Saturday, January 23, 2010

well well. i know the blog is almost dead.
perhaps no one will visit anymore because they believe that i won't post again.
haha. but too bad! i will still post once in a while.
when i'm super free and i got nothing to do =x

yesterday while working i think about A level results.
i have this sudden fear that i won't do well.
yes yes. i know i need to be confident.
but i ask myself what is the worst case scenario that i can expect.
what is the worst results that i can allow myself to get.
no matter how much i lower my expectation, it is still quite high.
how low can my expectation get? as low as not being able to get into local uni?
so i guess this time round i will hav a great fall.
i can imagine myself crying for the first time after getting back my results.
who doesnt wish dat its tears of joy. but we shall see.
i noe im being pessimistic here. but its really how i feel.
however, my fear is not as bad as some of my frens who hav nightmare almost everyday.
i usually sleep without dreaming of anything.
yes. just wait for the results and decide the path that i can take.

money money money. money is the root of all evil.
for me, money is the root of the problems in my life.
i should be going japan tokyo during end of march wif my mum n my aunt.
to visit my sis n jumpy! (jumpy is my niece)
jumpy is so poor thing.
shes having stomach flu now. keep vomiting watever she drink.
doc say she canot drink milk or water because if she continue vomiting she has to b on drip.
yes definitely it's nice to be able to visit japan.
but i hav to tink of the expenses too.
because i'm supposed to save watever money i can in order to enjoy dere.
by right, i'm supposed to pay for watever im going to spend dere.
imagine. transport 5bucks. meal 15bucks. onsen, disneyland, disneysea.
sometimes i will rather give up enjoying myself.
so much about enjoyment.
i'm going dere to enjoy and coming back to declare bankruptcy. LOL.

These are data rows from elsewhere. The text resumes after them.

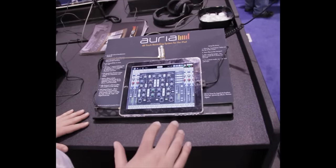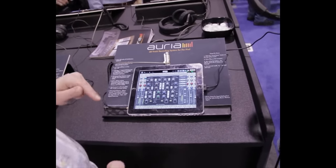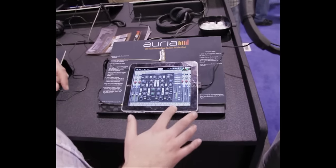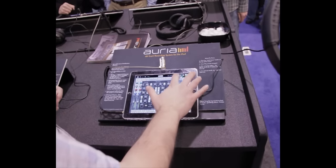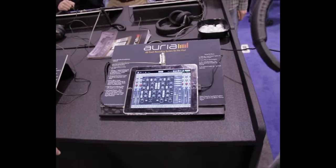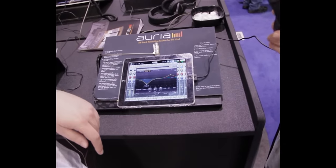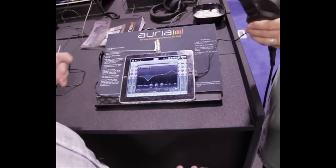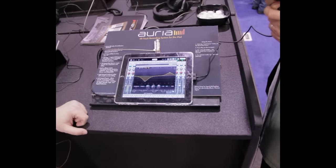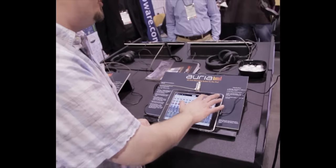We're going to have lots of different plugins available through in-app purchase once it's available on the App Store. Companies like FabFilter, for example, are going to offer their Pro-Q EQ. This will be one of the things available through in-app purchase. So you can expand and customize, just like any other DAW — you can go in and pick up new effects and load them in through in-app purchase.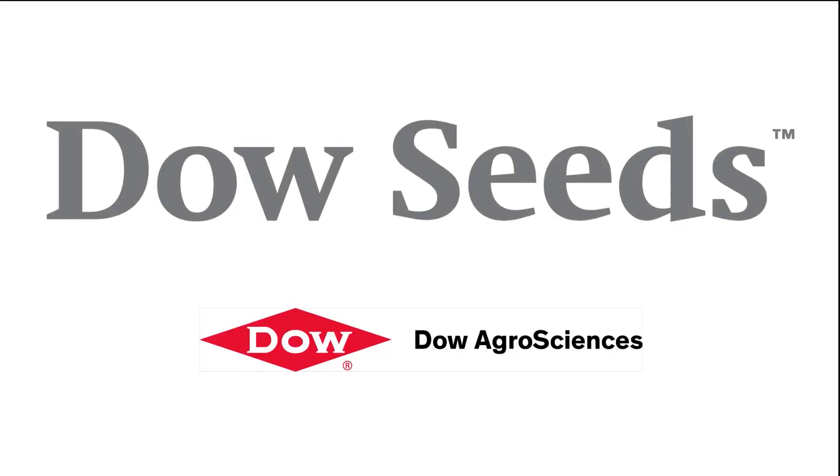This has been the farms.com soybean report brought to you by Dow Seeds — leaders in customer first technology.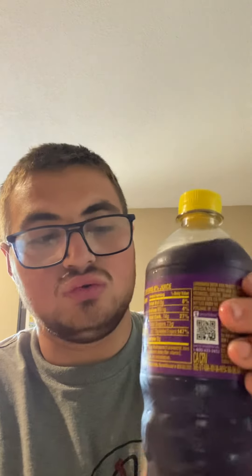Let's see what the new Mountain Dew looks like right here. This is what it looks like, guys. And then let's show you the back and the nutrition facts as usual.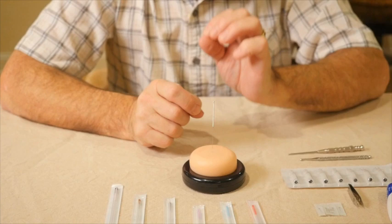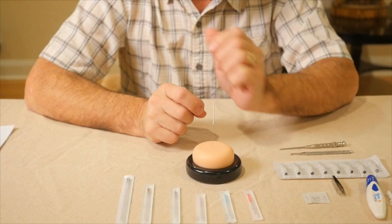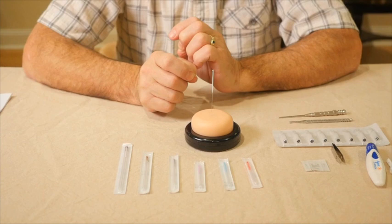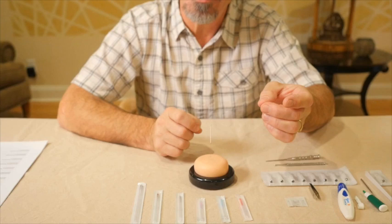A needle that's particularly thin — if it's too thin to be easily managed — may be more painful for your patient. So in many cases, a heavier needle can actually be less painful. It's something you need to experiment with as you practice. The more you practice and the better your needling technique becomes, you can move on to thinner needles. But in the beginning, a slightly heavier needle is best — a number 3 or number 5 is a good place to start.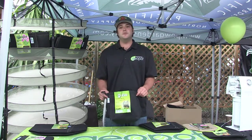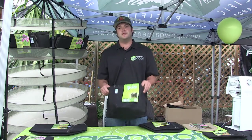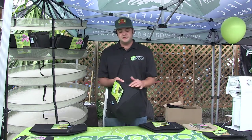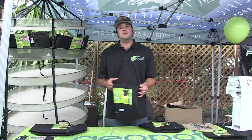You're still going to get the air root pruning. As the roots grow out to the edge, they get exposed to the air and it makes them put out feeder roots, which are more efficient in taking in nutrients as well as water. You're going to get fantastic drainage and a whole lot of breathing in your roots, so you're going to get a lot more air to your roots.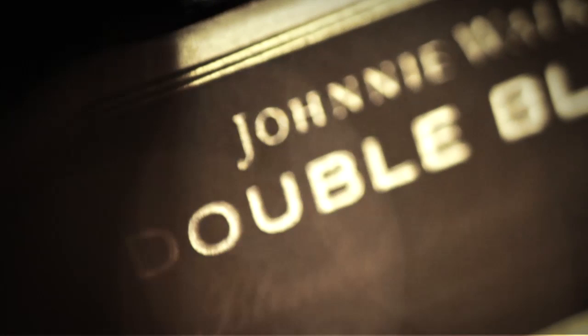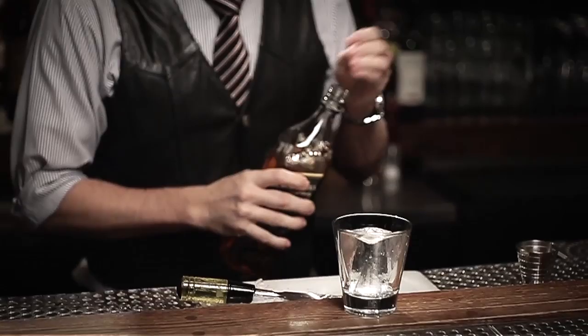It goes back to the ingredients that you're putting into these drinks. With a blended scotch like Johnnie Walker, you have the assurance that the master blender has taken the necessary steps to create that balance in the spirit as it stands in the bottle. If we're taking the trouble to pour somebody an exemplary spirit, then we've got to do the same with the ice that we put into that drink.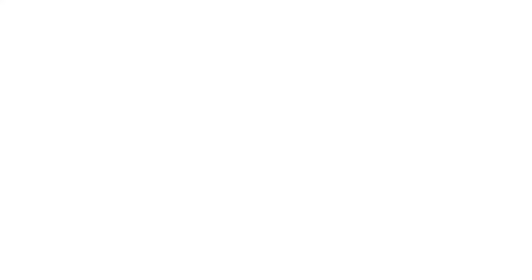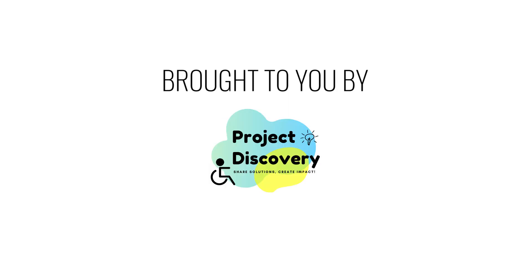Break Free Solutions, brought to you by EILabs and Project Discovery.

that's why i have to work.
my job is quite ok right now.
because i find the people dere really fun n everything.
work is full of laughter.
but im not earning enough.
7bucks per hour seems ok but mayb it's really not good enough.
i noe i shouldnt ask for too much.
but aft cpf contribution n everything, im really not earning enough to save.
so i'm finding tuition job now.
anyway, i tink teaching is a good experience.
but it's really not easy to find.
waiting. i'm still waiting. but my name is not weiting. LOL.
sorry. just remember wat Mr. Herd always say during GP lesson.
i miss school! i want to exercise, i want to play, i want to laugh during lesson.
yes, i truly noe how it feels when adult say we should enjoy school life.
and i wonder whether i did.

wanted to climb stairs tis weekend since nobody can run wif mi.
but i realise i dont hav much time for dat oredi.
well, guess i cant exercise tis week already.
i thought i will be home tomorrow n hav plenty of time.
but hav some dinner thingy tomorrow.
so ya. not much time left.



i just want a simple relationship.
someone i can talk to and laugh with.
someone who will always be there.
someone that does not remind me of my past.